## Problem to solve
Reproduce exactly the lines from the start of the records through the line containing "Identificação da planta Gurucaia por foto", both included. Leave the pictures out.

[Opening Supplied data section]

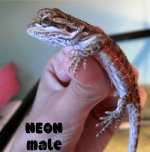 neonmale2.jpg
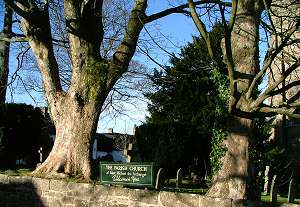 Trees in churchyard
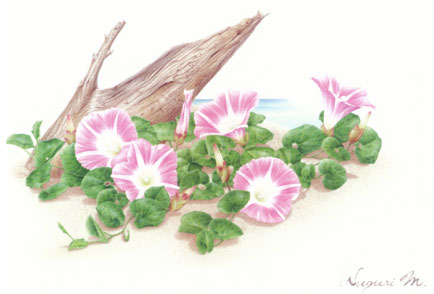 水彩画（ハマヒルガオの咲く海） 水彩画（ハマヒルガオの咲く海）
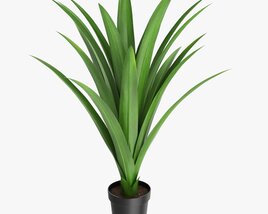 Artificial Yucca Plant In Pot 3D-Modell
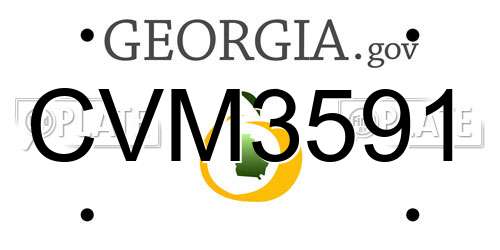 CVM3591 Georgia License Plate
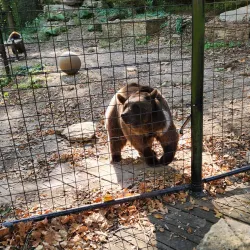 Riverside Park - Independence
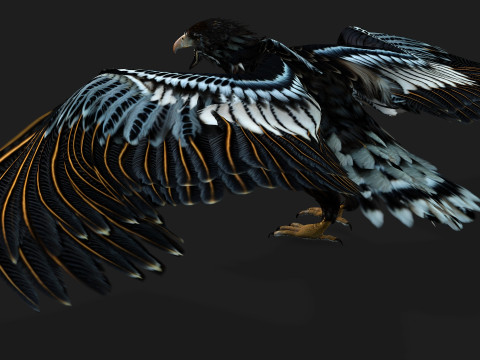 EagleA4 Model 3D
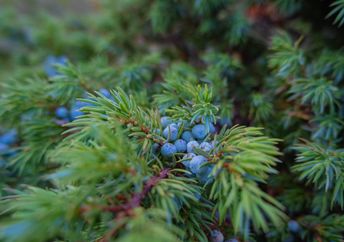 A juniper plant.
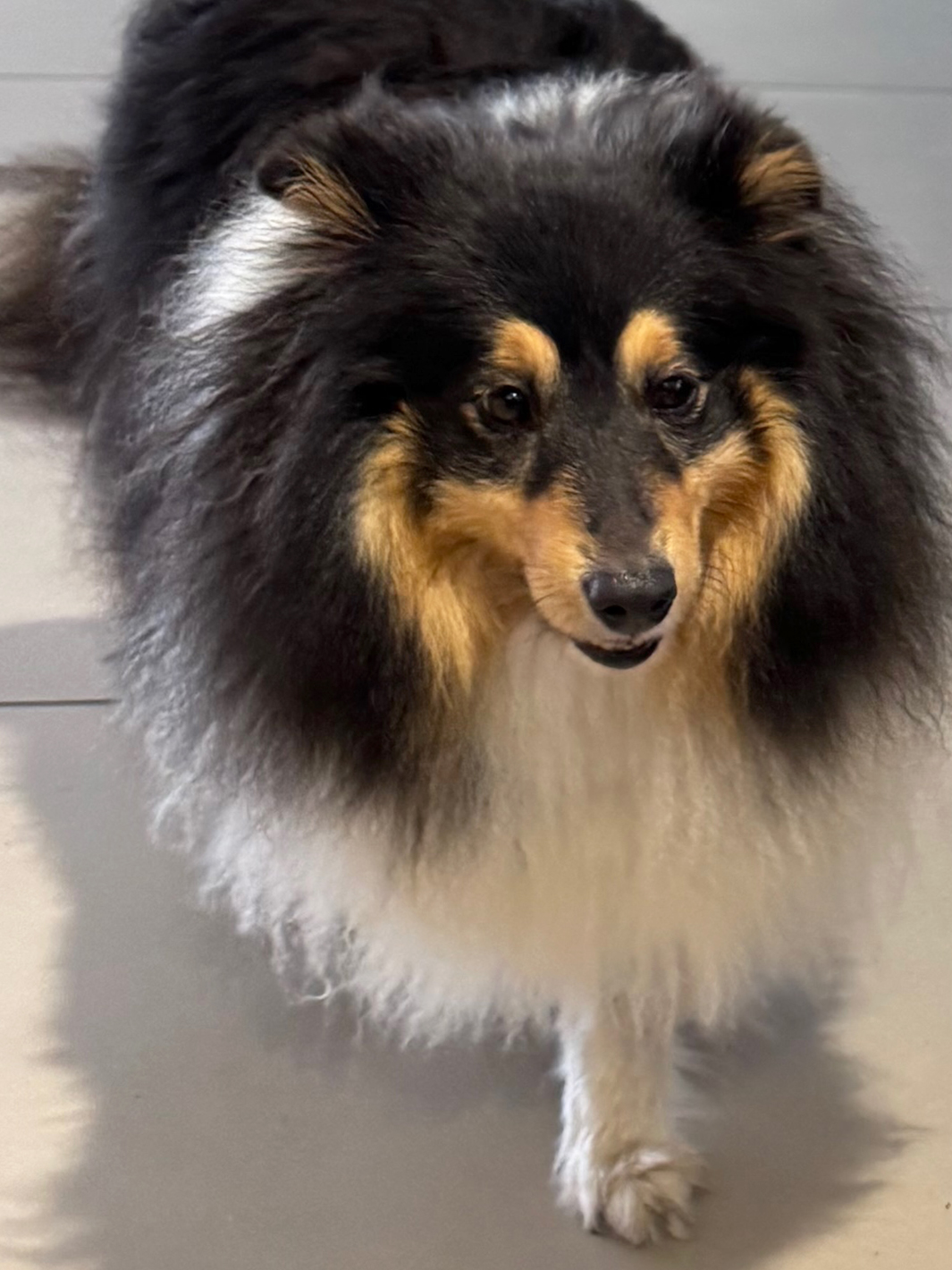 Hund Hannes vom Autohaus Rauhöft-Schick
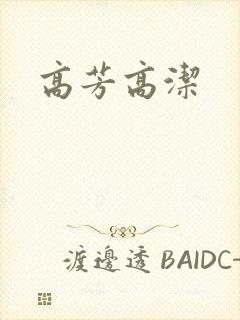 高芳高洁封面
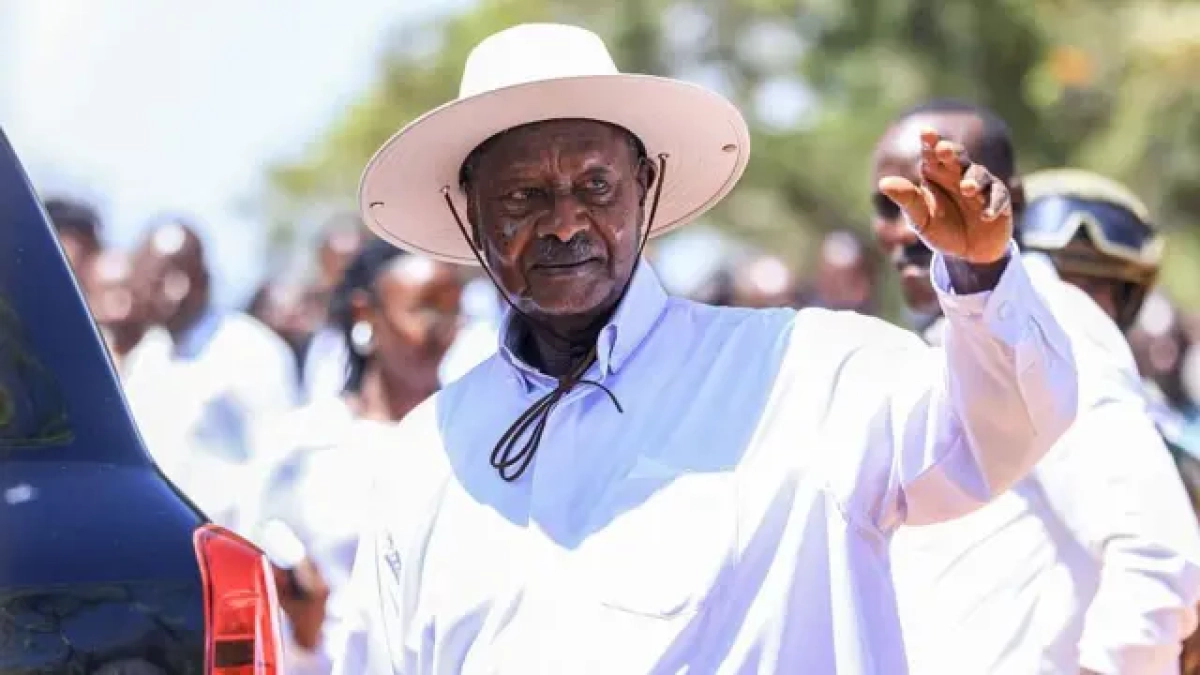 Фото: getty Images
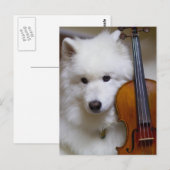 Samoyed Dog met Violin Briefkaart (Voorkant / Achterkant)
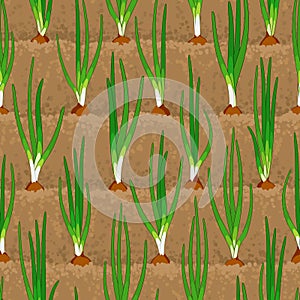 Onion sprout vegetable patches in row seamless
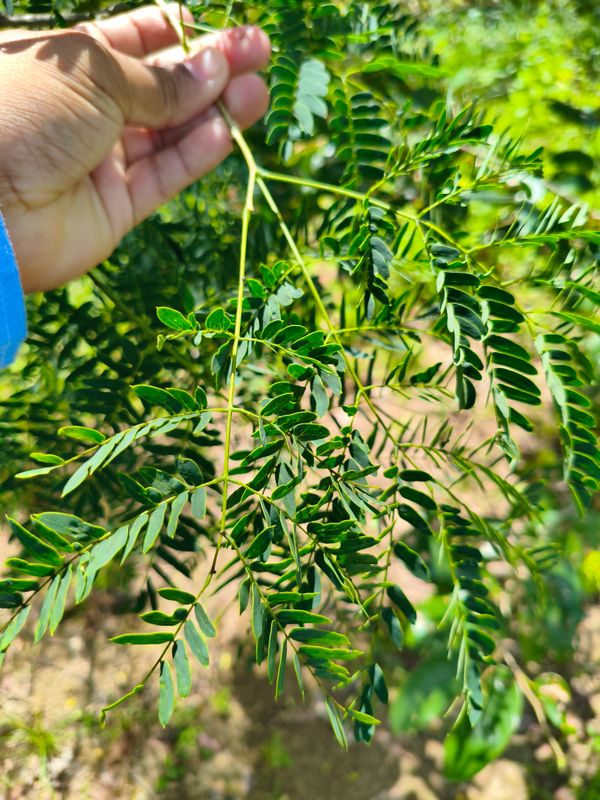 Identificação da planta Gurucaia por foto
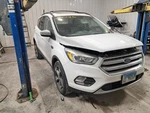 2017 Ford Escape Used Front Stabilizer Bar 18 Wheels Oem 524-00936. Fixed Price $80.70.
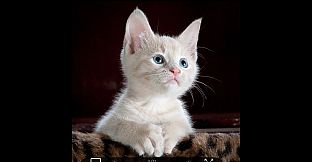 Online Adult Content Manager - Local Content Manager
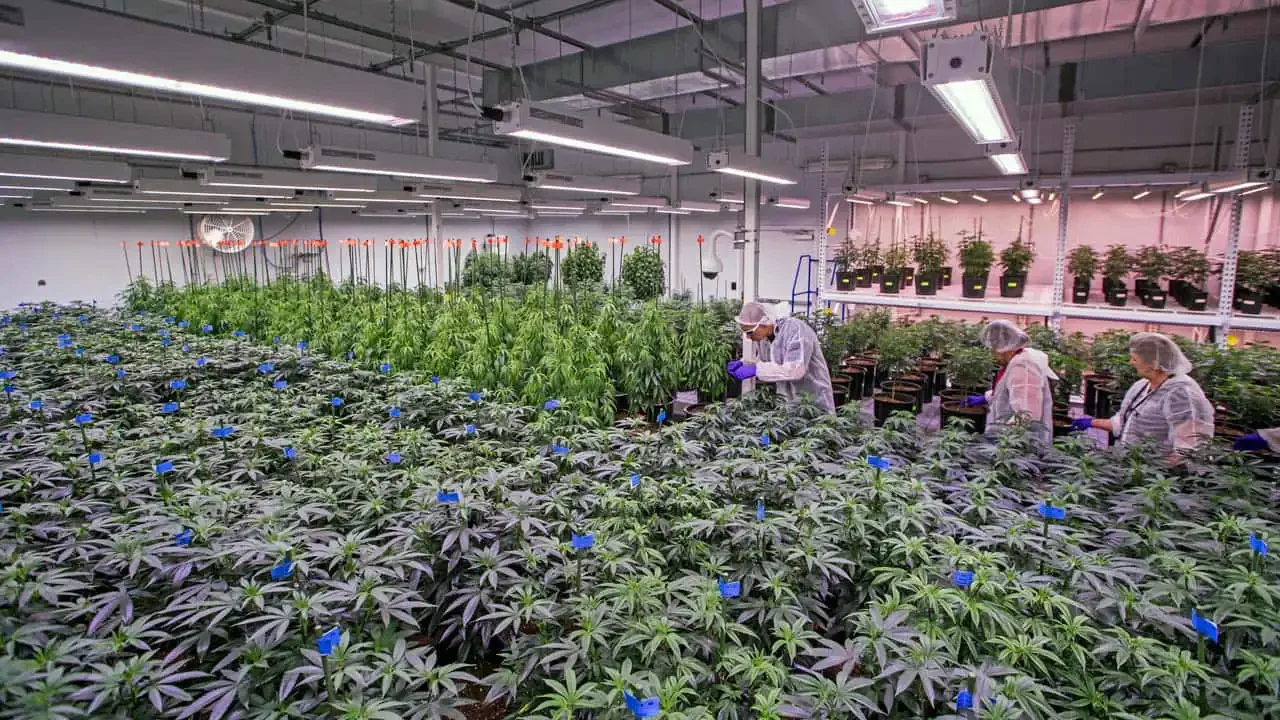 Medical Marijuana Growing Facilities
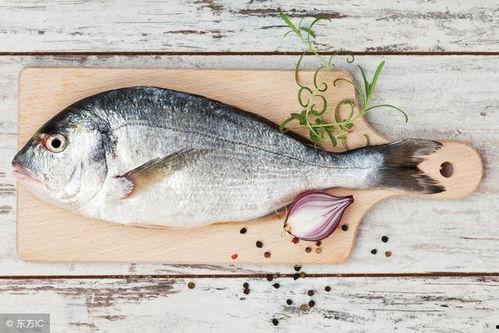 怎样吃八瓜鱼,解锁美味吃法，尽享海鲜盛宴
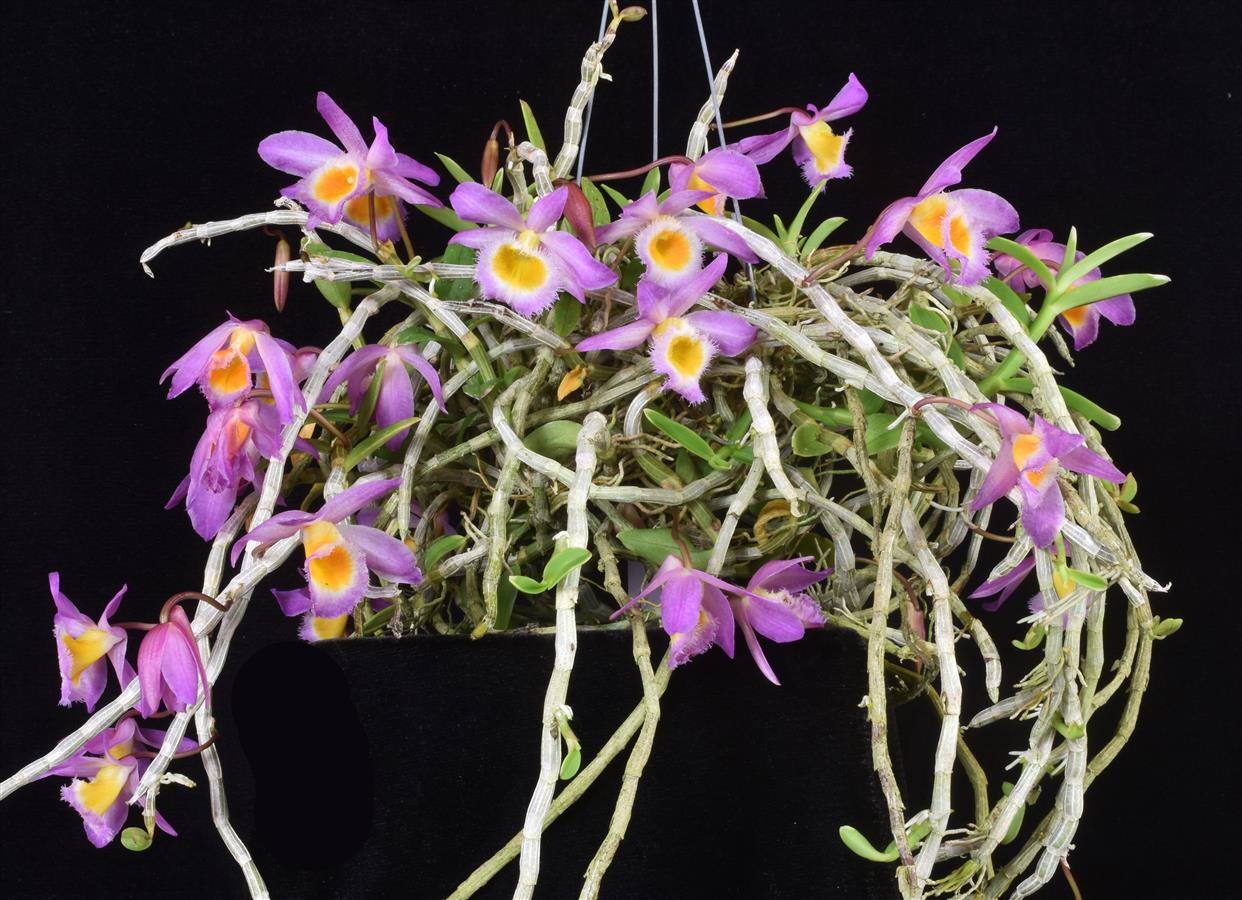 Dendrobium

[Closing Supplied data section]

## Result of the exercise
 neonmale2.jpg
 Trees in churchyard
 水彩画（ハマヒルガオの咲く海） 水彩画（ハマヒルガオの咲く海）
 Artificial Yucca Plant In Pot 3D-Modell
 CVM3591 Georgia License Plate
 Riverside Park - Independence
 EagleA4 Model 3D
 A juniper plant.
 Hund Hannes vom Autohaus Rauhöft-Schick
 高芳高洁封面
 Фото: getty Images
 Samoyed Dog met Violin Briefkaart (Voorkant / Achterkant)
 Onion sprout vegetable patches in row seamless
 Identificação da planta Gurucaia por foto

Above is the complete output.